DATASET RECORDS =
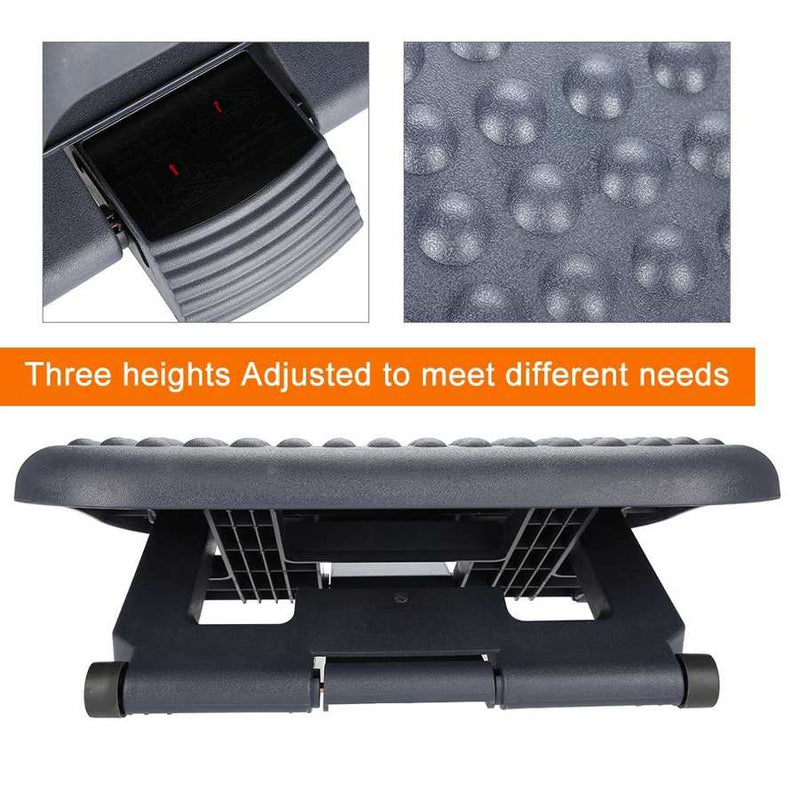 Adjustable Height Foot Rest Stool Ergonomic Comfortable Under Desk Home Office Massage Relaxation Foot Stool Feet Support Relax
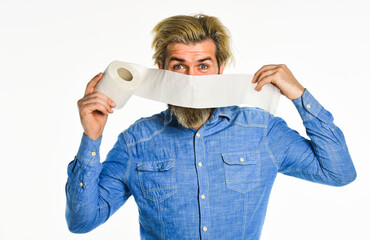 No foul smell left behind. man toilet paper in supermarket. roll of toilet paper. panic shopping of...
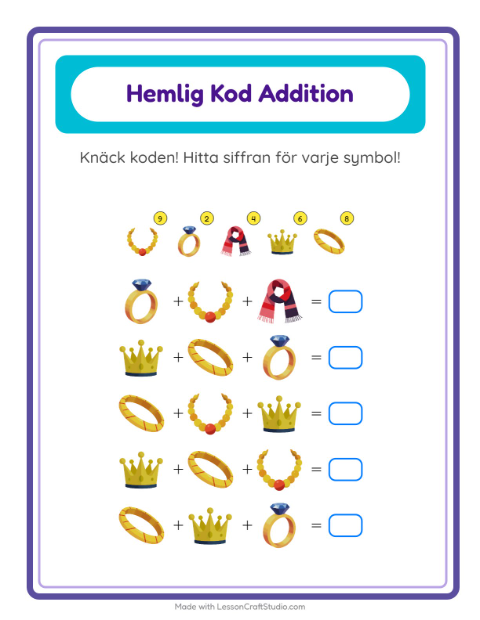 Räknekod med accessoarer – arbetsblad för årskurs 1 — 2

---

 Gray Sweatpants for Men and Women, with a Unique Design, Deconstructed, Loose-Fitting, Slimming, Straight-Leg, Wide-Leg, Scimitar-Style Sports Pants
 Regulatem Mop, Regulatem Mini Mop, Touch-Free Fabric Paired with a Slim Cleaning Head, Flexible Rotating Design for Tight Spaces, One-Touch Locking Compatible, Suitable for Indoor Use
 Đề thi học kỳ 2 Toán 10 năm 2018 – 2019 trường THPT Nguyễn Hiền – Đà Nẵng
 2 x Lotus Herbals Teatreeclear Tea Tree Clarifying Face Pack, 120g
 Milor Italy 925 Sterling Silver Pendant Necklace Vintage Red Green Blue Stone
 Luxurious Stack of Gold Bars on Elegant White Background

EXERCISE BRIEF = Lines from the records above that hold "Design" are the ones to list.

THE ANSWER =
 Gray Sweatpants for Men and Women, with a Unique Design, Deconstructed, Loose-Fitting, Slimming, Straight-Leg, Wide-Leg, Scimitar-Style Sports Pants
 Regulatem Mop, Regulatem Mini Mop, Touch-Free Fabric Paired with a Slim Cleaning Head, Flexible Rotating Design for Tight Spaces, One-Touch Locking Compatible, Suitable for Indoor Use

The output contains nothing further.